Tonks rubbed the pieces of glass absently in one bloodstained hand. "Odd, this. This is what I am now: a broken mirror. I'm completely unlucky. I'm useless and broken and can't be put back together again. A mirror is all well and good, but what is it when it's smashed? Just a mess to clean up, that's all. I feel that you can see right through me, because I'm just completely transparent." Tonks picked up a large shard of glass and held it up to her eye. "Like this piece of glass."

"Tonks — " Remus attempted, but she cut him off.

"It's funny, these pieces of glass," she continued. "Some of the edges are sharp. And somehow, other edges are dull. Strange…"

"Tonks, you will feel better," Remus persisted. "It's devastating, what happened. I understand that. But eventually, you have to move on. You have to, Tonks."

Tonks shook her head slowly. "It's not that easy, Remus. Somehow, it's just not." For a moment, her eyes wavered, her gaze averting to the floor. Then she blinked and lifted her head again. "Now I'm just part of something I used to be, you know? Before, even with all the Order business, I was whole. And then Sirius died, and – and everything fell apart."

She laughed shortly, staring fixedly at the mess on the floor and in her hands. "I was the mirror, Remus. And now I'm just shattered glass. And what do you do with that? You throw it away." Her expression was bleak as she gestured vaguely at thin air. "You forgot about it."

Remus strode to her and grasped her upper arms in a firm clasp. "Tonks, we don't ever want to forget about you," he told her somewhat sternly. "Survivors' guilt is one thing, but this is too far. Please cheer up." He tried to smile; it wavered. "We miss your pink hair."

Tonks laughed, sniffling a bit. "Just my hair?"

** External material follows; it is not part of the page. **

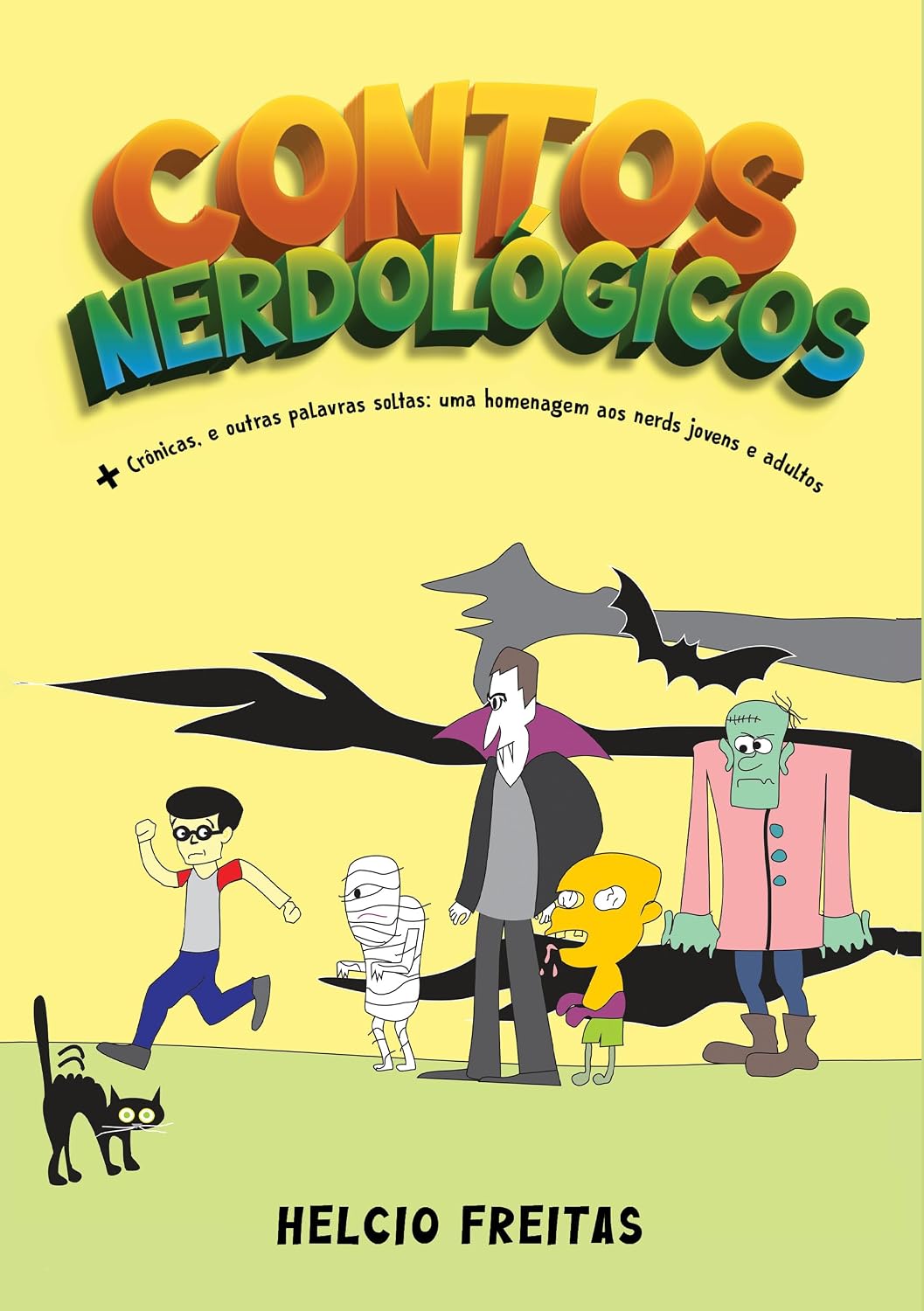 Contos Nerdológicos: +Crônicas, e outras palavras soltas: uma homenagem aos nerds jovens e adultos baixar o livro de graça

Remus smiled. "All of you, Tonks."

She swiped at her eyes with the unstained back of one hand. "I finally see, Remus," she whispered. "All right. I'll listen to your reason and try to forget about it. I'll warn you, though, I'll probably fail."

He squeezed her arms lightly. "You will if you think like that. Chin up."

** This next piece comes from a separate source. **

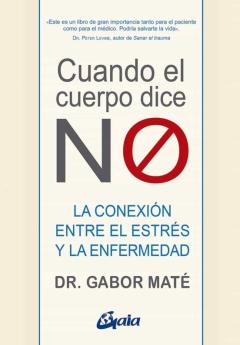 Libro, Audiolibro Cuando El Cuerpo Dice &Quot;No&Quot; Cuando El Cuerpo Dice &Quot;No&Quot;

It was amazing how quickly this had escalated and then dwindled to a hasty resolve. But then, Tonks's mercurial temper was unpredictable. Remus wasn't about to argue if she suddenly came to terms with what he was saying, even if it was too good to be true.

He stepped back. "Clean up, I'll wait for you outside. We still have half an hour to meet Dumbledore."

As he walked away, Remus couldn't shake the niggling feeling that he hadn't found the core of Tonks's depression.


~*~



Tonks stared after Remus and sighed. Sirius's death was but a convenient excuse to blame for her recent gloominess. That was only half of her sorrow. It did affect her, true, but the main reason for her misery was that, in the past two weeks, Tonks had suddenly realized just how much she adored Remus, and despaired of him ever feeling the same way. The knowledge had saturated her like water, a blight of anguish that wouldn't abandon her.

Normally, she'd never give up on an argument so easily. However, she saw how futile her protestations were against Remus's logic. Also, she hated to worry and bother him so. For the time being, she acquiesced, inwardly coming with no improvement for the better. Still, if it made Remus happy, she was more than willing to put on a façade.

I can't tell him yet, though, she thought as she changed and made her preparations. I'm not quite up to that. But eventually I will. Eventually…

Pausing on her way out of the bathroom, Tonks scrutinized her face and sighed. How could he ever love her?

He and Dumbledore were waiting, however. She'd reflect on this at a more appropriate time.

She sighed again and trotted out the door, leaving the crushed litter of mirror behind her.